[[ ENTRIES SHOWN, beginning ]]
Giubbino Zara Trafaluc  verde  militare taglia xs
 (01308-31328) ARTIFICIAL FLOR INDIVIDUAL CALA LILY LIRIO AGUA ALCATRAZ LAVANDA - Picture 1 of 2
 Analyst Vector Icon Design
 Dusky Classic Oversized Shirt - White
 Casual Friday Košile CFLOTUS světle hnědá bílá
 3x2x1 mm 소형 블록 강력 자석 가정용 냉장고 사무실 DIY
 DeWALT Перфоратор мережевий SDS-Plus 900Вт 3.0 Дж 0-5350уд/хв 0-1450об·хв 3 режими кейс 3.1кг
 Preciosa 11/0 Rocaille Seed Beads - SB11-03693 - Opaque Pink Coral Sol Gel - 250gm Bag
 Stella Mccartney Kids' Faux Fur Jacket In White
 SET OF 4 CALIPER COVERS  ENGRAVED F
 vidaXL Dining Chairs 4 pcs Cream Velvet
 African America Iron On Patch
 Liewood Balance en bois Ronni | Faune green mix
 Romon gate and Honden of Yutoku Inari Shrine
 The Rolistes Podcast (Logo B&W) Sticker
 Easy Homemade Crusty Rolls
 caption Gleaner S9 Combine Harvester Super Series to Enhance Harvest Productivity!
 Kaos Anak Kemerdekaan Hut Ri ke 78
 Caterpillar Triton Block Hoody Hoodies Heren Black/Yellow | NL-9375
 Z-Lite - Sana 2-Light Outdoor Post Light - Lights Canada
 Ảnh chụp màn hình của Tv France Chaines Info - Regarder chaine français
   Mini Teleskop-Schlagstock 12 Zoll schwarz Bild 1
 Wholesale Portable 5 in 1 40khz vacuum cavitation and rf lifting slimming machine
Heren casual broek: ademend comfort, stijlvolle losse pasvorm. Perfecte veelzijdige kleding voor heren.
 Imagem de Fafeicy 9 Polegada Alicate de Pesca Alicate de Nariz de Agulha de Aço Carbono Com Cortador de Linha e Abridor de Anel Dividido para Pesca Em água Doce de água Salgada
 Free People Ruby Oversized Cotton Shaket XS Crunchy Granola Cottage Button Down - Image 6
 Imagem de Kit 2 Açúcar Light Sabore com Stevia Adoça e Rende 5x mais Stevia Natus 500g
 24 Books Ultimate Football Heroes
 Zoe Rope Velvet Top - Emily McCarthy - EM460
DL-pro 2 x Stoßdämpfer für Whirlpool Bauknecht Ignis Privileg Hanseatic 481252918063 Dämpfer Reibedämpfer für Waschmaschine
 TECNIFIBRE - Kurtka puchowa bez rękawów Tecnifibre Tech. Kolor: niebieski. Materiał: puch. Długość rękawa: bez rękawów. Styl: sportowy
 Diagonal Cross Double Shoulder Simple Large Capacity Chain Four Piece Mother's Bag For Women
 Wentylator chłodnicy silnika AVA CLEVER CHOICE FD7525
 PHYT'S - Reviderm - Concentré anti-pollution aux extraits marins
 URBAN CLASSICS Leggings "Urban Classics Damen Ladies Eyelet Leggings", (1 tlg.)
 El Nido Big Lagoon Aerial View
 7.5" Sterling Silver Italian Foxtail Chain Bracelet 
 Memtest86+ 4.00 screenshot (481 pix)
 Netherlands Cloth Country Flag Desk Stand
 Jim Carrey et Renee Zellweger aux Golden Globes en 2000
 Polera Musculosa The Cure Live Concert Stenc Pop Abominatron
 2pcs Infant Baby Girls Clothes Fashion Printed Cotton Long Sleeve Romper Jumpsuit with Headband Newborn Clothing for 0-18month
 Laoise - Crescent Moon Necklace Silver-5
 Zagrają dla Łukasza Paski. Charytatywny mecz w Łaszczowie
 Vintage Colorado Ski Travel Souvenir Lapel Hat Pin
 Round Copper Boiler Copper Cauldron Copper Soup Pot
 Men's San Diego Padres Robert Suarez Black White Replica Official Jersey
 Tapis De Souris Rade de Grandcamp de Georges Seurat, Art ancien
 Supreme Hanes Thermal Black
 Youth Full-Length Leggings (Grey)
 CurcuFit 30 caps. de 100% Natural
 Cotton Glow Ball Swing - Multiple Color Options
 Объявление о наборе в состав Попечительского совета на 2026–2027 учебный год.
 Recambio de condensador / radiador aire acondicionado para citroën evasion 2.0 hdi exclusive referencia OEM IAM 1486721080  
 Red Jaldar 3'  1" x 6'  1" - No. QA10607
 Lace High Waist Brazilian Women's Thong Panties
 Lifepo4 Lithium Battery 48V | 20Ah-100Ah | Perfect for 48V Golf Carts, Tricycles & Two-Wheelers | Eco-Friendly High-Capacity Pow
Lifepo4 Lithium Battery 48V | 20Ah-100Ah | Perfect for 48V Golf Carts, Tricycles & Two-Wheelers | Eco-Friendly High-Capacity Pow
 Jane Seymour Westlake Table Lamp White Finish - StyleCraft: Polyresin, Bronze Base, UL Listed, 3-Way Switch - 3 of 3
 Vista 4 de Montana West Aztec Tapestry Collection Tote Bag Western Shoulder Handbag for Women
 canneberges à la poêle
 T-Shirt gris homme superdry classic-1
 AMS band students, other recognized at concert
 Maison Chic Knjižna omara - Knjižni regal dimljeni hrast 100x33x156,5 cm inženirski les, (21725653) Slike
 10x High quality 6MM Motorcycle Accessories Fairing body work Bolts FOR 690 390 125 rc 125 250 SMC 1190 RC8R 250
[[ ENTRIES SHOWN, end ]]
TRY IT> Copy all lines above containing the string "Lithium".

COMPLETED TASK>
 Lifepo4 Lithium Battery 48V | 20Ah-100Ah | Perfect for 48V Golf Carts, Tricycles & Two-Wheelers | Eco-Friendly High-Capacity Pow
Lifepo4 Lithium Battery 48V | 20Ah-100Ah | Perfect for 48V Golf Carts, Tricycles & Two-Wheelers | Eco-Friendly High-Capacity Pow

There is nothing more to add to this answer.